487 Background: Tumors deficient in DNA mismatch repair (dMMR) exhibit a microsatellite unstable phenotype characterized by high tumor mutational burden and an immunogenic tumor microenvironment. Despite the histology-agnostic approval of pembrolizumab for advanced dMMR/MSI cancers, responsiveness of dMMR/MSI upper tract urothelial cancers (UTUC) to immune checkpoint (IC) blockade remains largely unknown. Methods: Consecutive records of patients (pts) from a single institution with locally advanced unresectable or metastatic dMMR/MSI UTUC who received IC therapy were analyzed. The primary endpoint was assessment of objective response rate (ORR) using RECIST v1.1. Secondary endpoints were progression-free survival (PFS) and overall survival (OS) using the Kaplan-Meier technique. dMMR/MSI status was evaluated by immunohistochemistry (IHC) and/or polymerase chain reaction (PCR). Results: Ten pts were identified with locally advanced unresectable (N = 3) or metastatic (N = 7) dMMR/MSI UTUC who received therapy with IC blockade (pembrolizumab = 7, nivolumab = 2, atezolizumab = 1). Median age was 65.5 (range = 46 – 90). Six pts were male. Seven pts had germline dMMR. MSI was detected by PCR in three pts and dMMR by IHC in seven pts (PMS2/MLH1 loss = 4, MSH2 loss = 1, MLH1 loss = 1, MSH6 loss = 1). Five pts received systemic chemotherapy (2 cisplatin based, 1 carboplatin based, 2 other) prior to IC therapy with two pts (40%) achieving partial response (PR). At a median follow-up of 15.5 months (range: 2 – 43 months), all pts were alive, and none experienced disease progression. PFS and OS at 15.5 months were 100%. The observed ORR was 90% (CI, 55.5%, 99.8%), including 8 pts who achieved complete remission (CR).
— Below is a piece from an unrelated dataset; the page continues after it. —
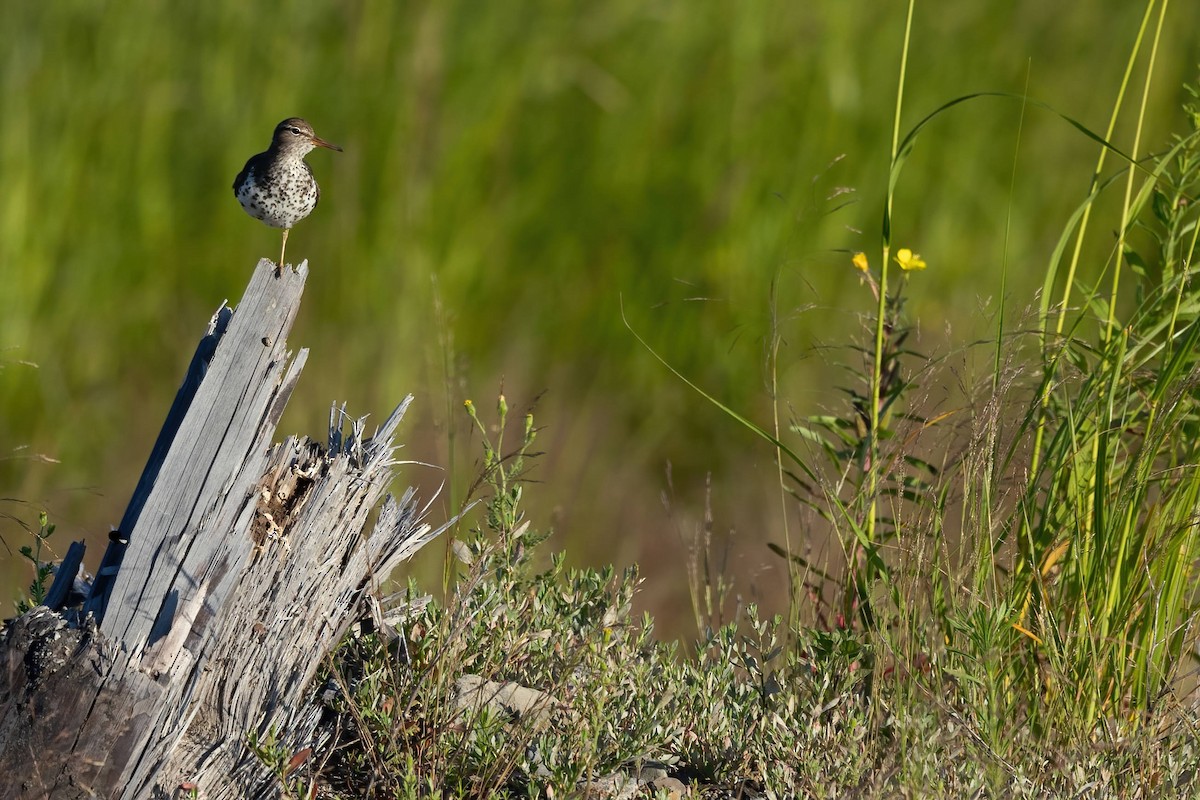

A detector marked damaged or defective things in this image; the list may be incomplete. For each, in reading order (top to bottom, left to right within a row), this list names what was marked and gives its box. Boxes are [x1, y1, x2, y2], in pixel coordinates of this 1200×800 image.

splintered wood [0, 261, 446, 800]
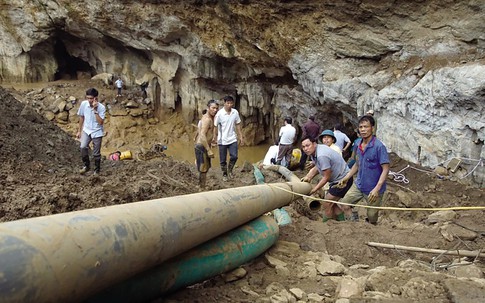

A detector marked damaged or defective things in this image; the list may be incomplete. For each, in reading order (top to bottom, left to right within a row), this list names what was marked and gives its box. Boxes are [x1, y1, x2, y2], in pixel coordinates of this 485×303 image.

The median time to best response was 4 months (range: 2 – 8 months). Toxicity leading to treatment discontinuation: 1 (grade 3) pancytopenia, 1 (grade 2) pneumonitis, 1 (grade 2) SICCA-like symptoms. Conclusions: Immunotherapy with IC inhibitors demonstrates excellent clinical activity in advanced dMMR/MSI UTUC. Further studies integrating these agents earlier in the disease course are warranted in this rare but important subgroup. Given the extremely high complete response rate in this population consideration of preference to IC therapy as initial therapy should be entertained if these findings are validated.